Aim of the exercise:
Please set down exactly the lines from the one that contains "baju gamis lebaran" through the end of the material, leaving out every picture.

Data for the task:
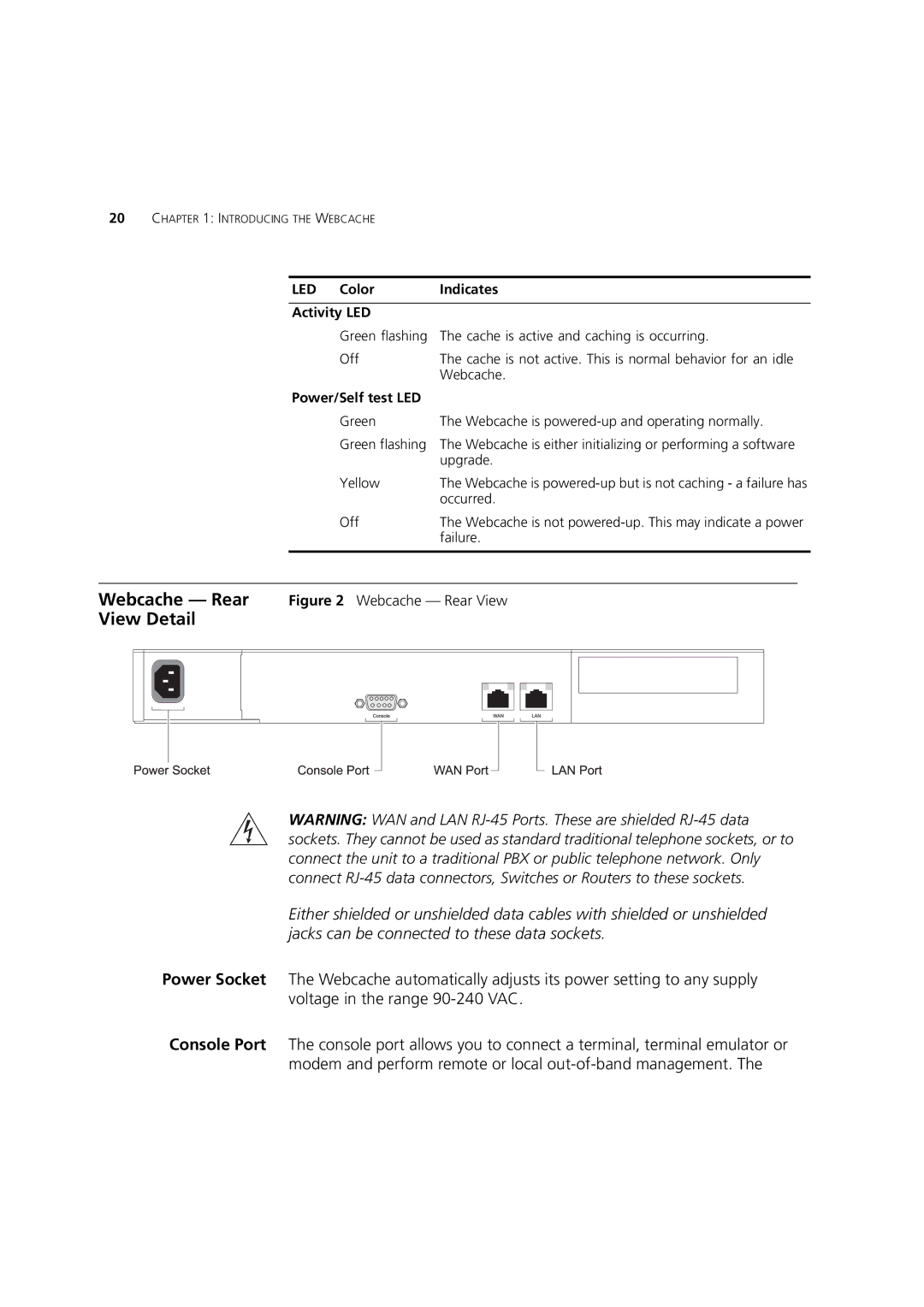 3Com Webcache 1000 (3C16115), Webcache 3000 (3C16116) manual LED Color Indicates Activity LED, Power/Self test LED 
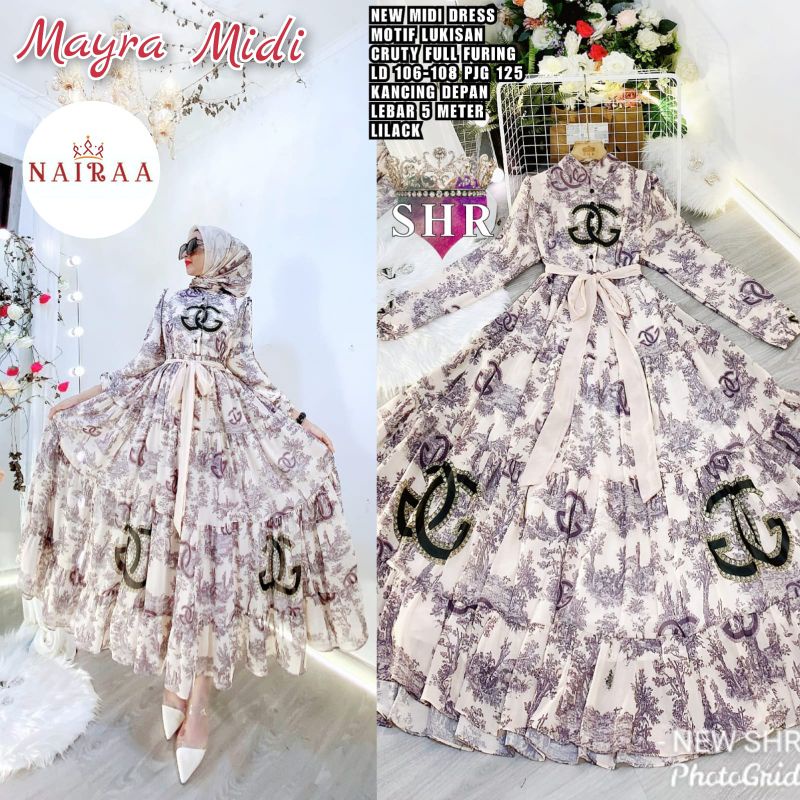 baju gamis lebaran terbaru 2023 Mayra ORI SHR dress original SHR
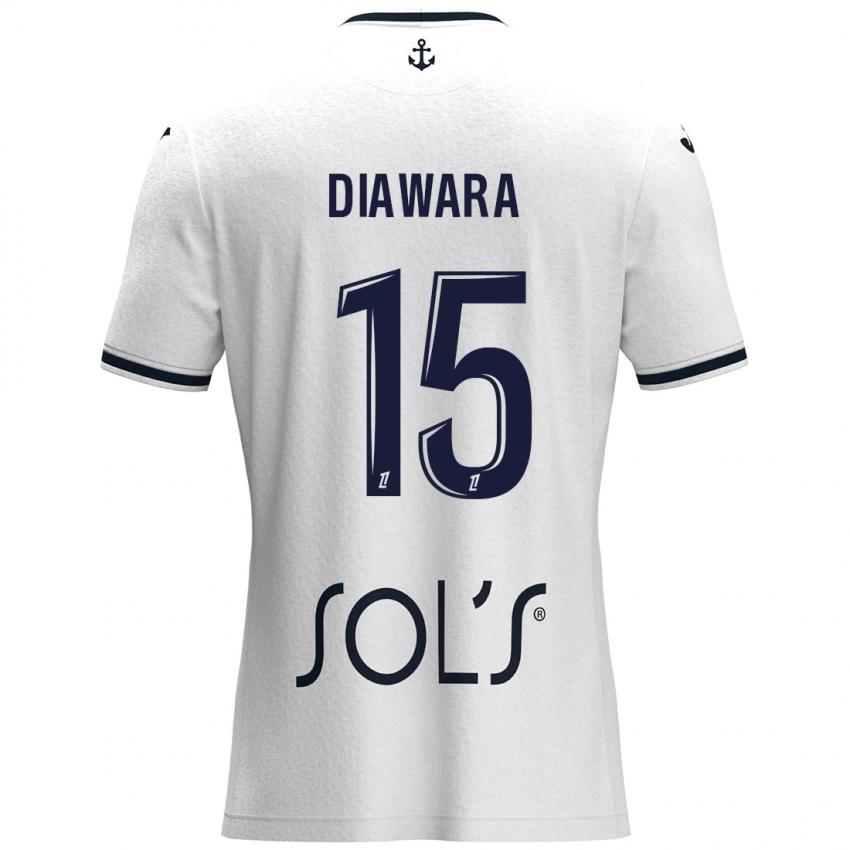 Női Kandet Diawara #15 Fehér Sötétkék Idegenbeli Jersey 2024/25 Mez Póló Ing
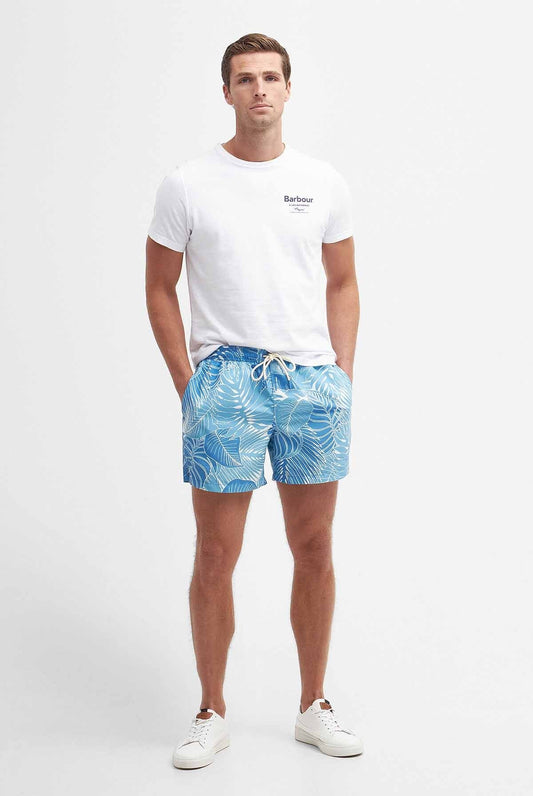 Cornwall Palm-Leaf Swim Shorts - BLUE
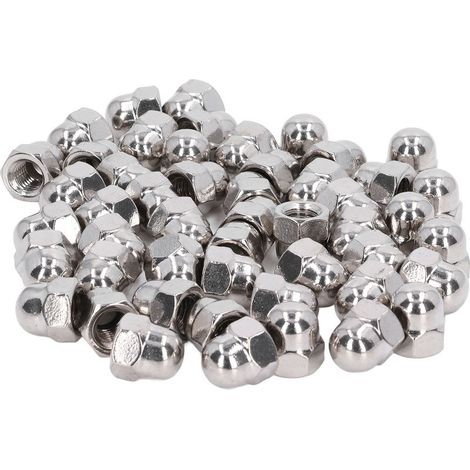 Écrou Borgne - Acier Inoxydable A2-70 - Norme DIN1587 - Pour Réparation Véhicule Machine Équipement - 50 Pièces Assortiment M3 à M12 (1/5)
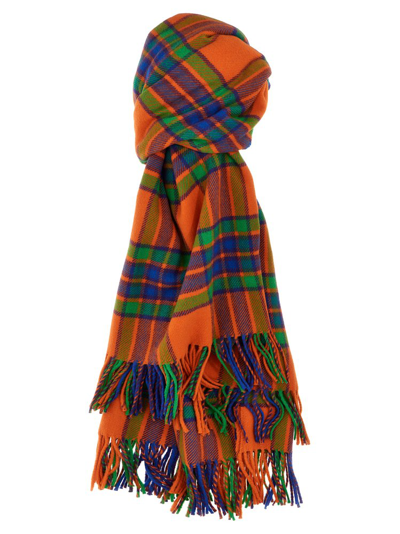 Etro Check Patterned Fringed Scarf In Multicolor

Solution to the problem:
 baju gamis lebaran terbaru 2023 Mayra ORI SHR dress original SHR
 Női Kandet Diawara #15 Fehér Sötétkék Idegenbeli Jersey 2024/25 Mez Póló Ing
 Cornwall Palm-Leaf Swim Shorts - BLUE
 Écrou Borgne - Acier Inoxydable A2-70 - Norme DIN1587 - Pour Réparation Véhicule Machine Équipement - 50 Pièces Assortiment M3 à M12 (1/5)
 Etro Check Patterned Fringed Scarf In Multicolor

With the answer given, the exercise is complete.